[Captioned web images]
····················

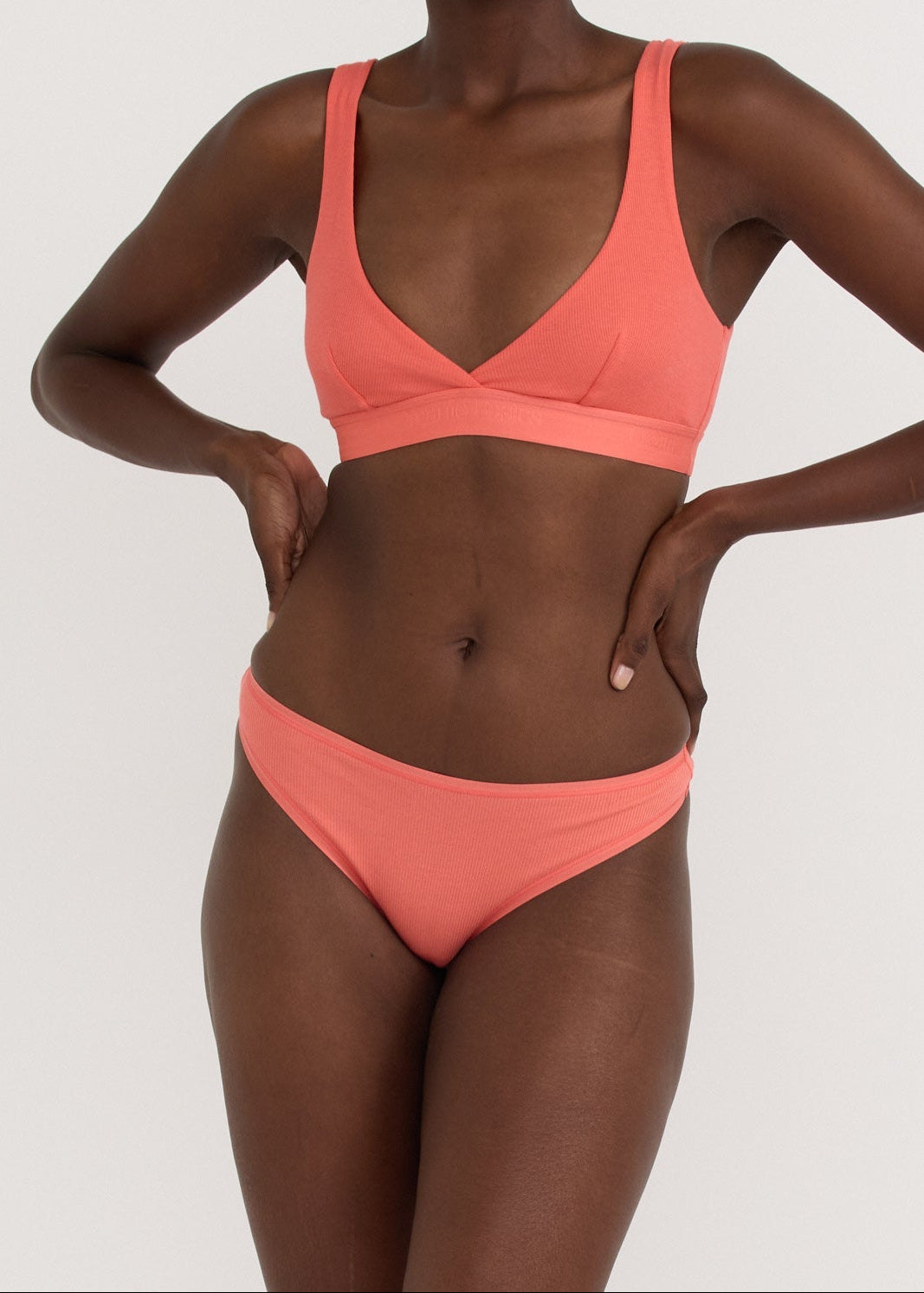 Organic Basics - Core Rib Thong - Sunset -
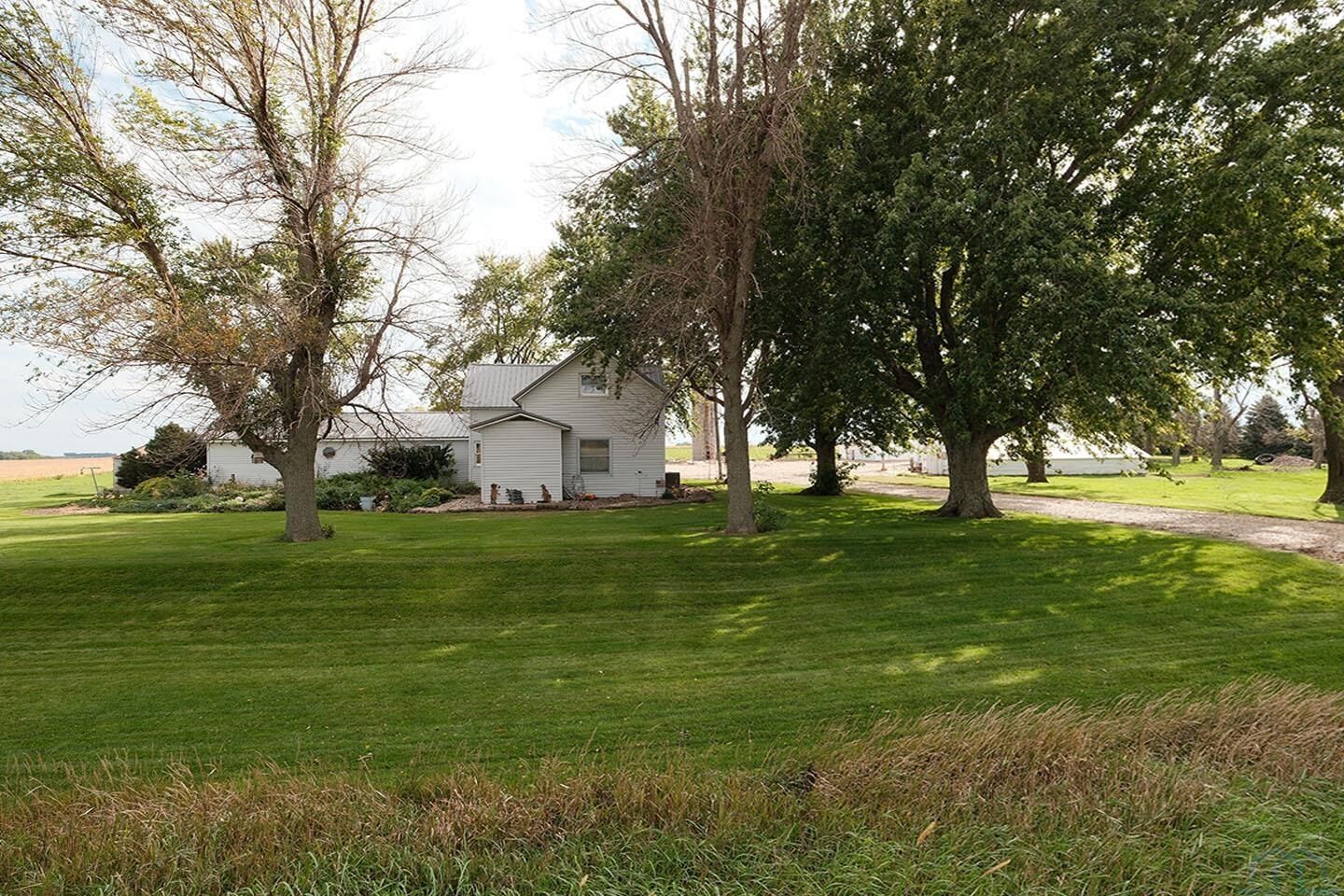 Property Photo:  2747 360th Street  IA 51247 
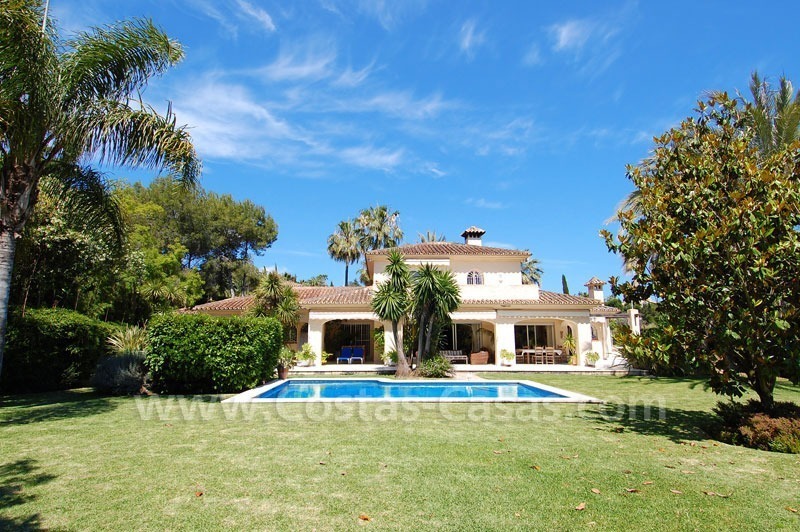 Charmante villa de style andalou à vendre en première ligne de golf à Nueva Andalucía, Marbella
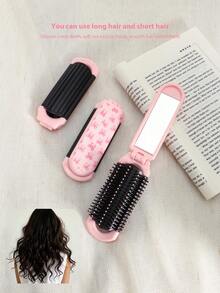 1 件带蝴蝶结设计的可折叠梳子，内置镜子口袋发刷，迷你便携式旅行，男女通用，返校，旅行度假必需品，女士发饰，刷子，发刷，边缘刷，刷头发，发梳，梳头发，顺发刷，球刷，迷你发刷，发刷套装，木梳，发刷，发刷，发梳，理发，美发工具，美发产品，发饰，光滑后刷，护发，发梳，理发配件，梳头发，卷发刷，旅行，美发用品，顺发刷，球刷，迷你发刷，发饰，卷发产品，美发设备，配件，圣诞节，理发配件，发饰，美发，木梳，发刷，刷子，梳子，光滑后刷，发刷，边缘刷，刷头发，发梳，发刷套装、梳子、迷你发刷、顺发刷、发刷、头发、配件、美发产品、美发工具、美发用品、护发、卷发刷、理发器、理发配件、美发设备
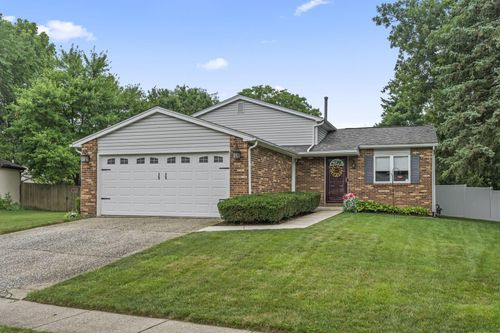 1821 Linkton Dr, Powell, OH, 43065-8828 | Card Image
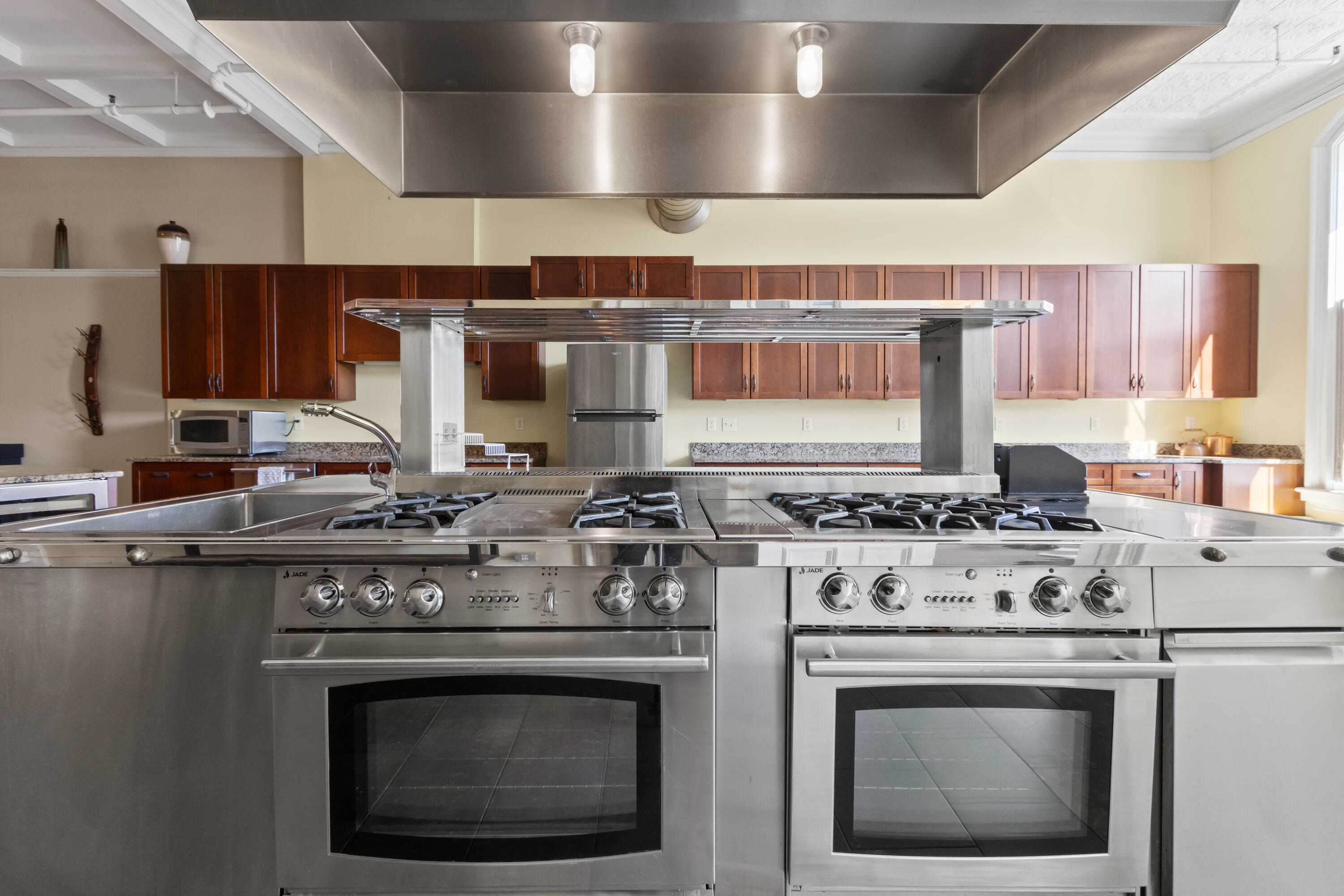 49 Lisbon Street UNIT 2, Lewiston, ME, 04240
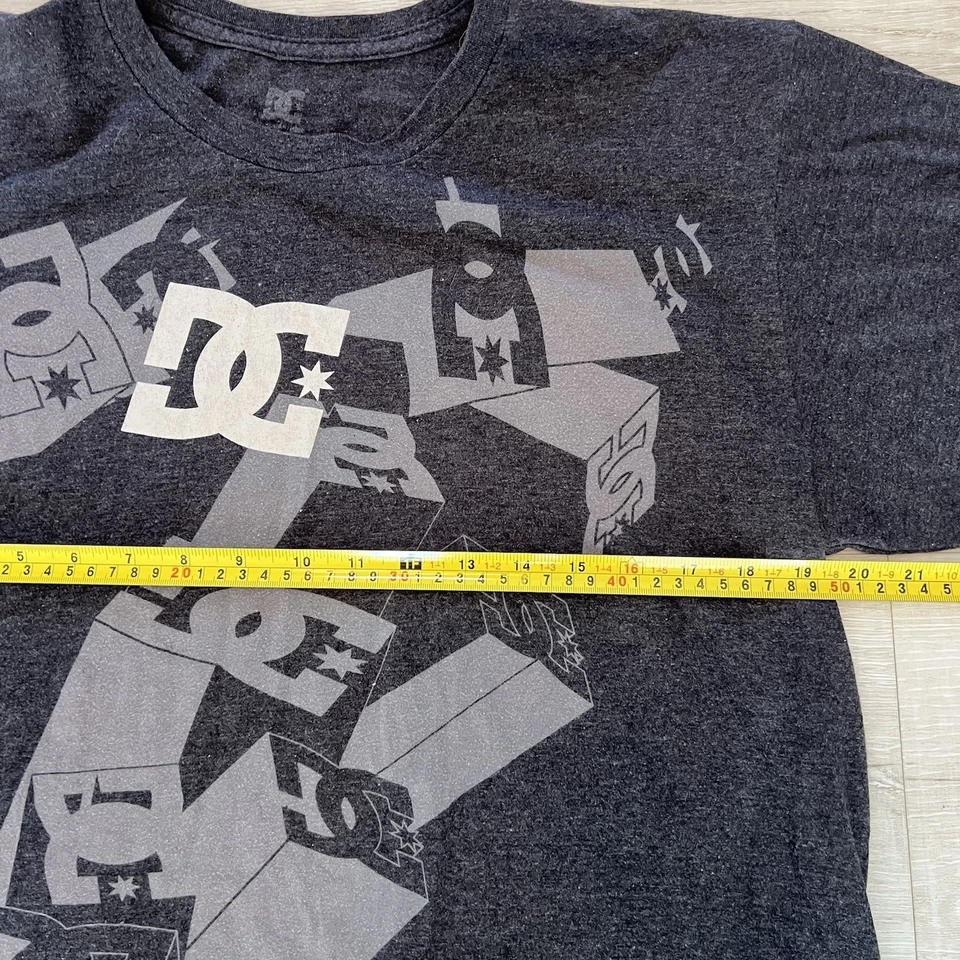 Vintage Y2K DC Shoes Logo Graphic T Shirt Men's Medium Black Skater Grunge RARE - Image 3 of 4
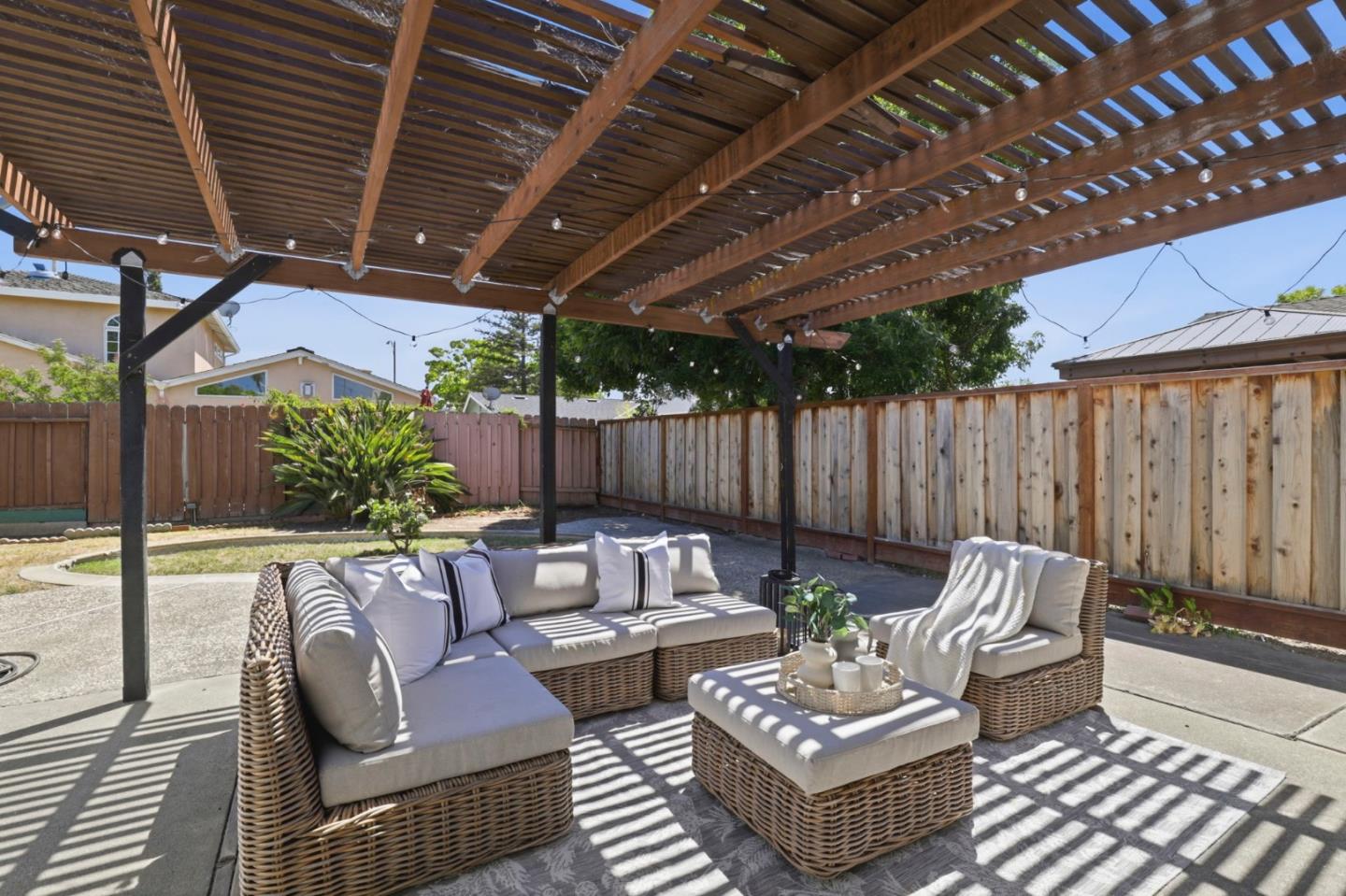 Property photo 33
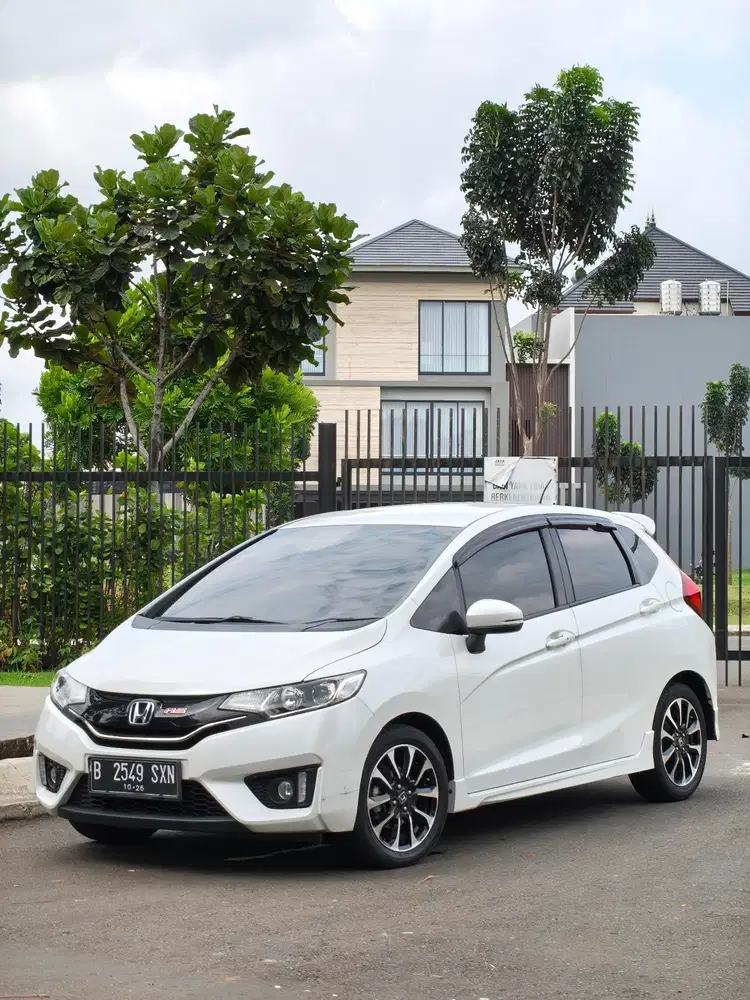 HONDA JAZZ RS 1.5 AT 2016 Low Km 60rb Sangat terawat Istimewa !!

····················

[WHAT YOU NEED TO DO] Starting at the line that contains "49 Lisbon Street UNIT 2, Lewiston, ME, 04240", please write out each line through the last line of the data, both ends included, and keep pictures out of the copy.

[RESPONSE TO THIS TASK]
 49 Lisbon Street UNIT 2, Lewiston, ME, 04240
 Vintage Y2K DC Shoes Logo Graphic T Shirt Men's Medium Black Skater Grunge RARE - Image 3 of 4
 Property photo 33
 HONDA JAZZ RS 1.5 AT 2016 Low Km 60rb Sangat terawat Istimewa !!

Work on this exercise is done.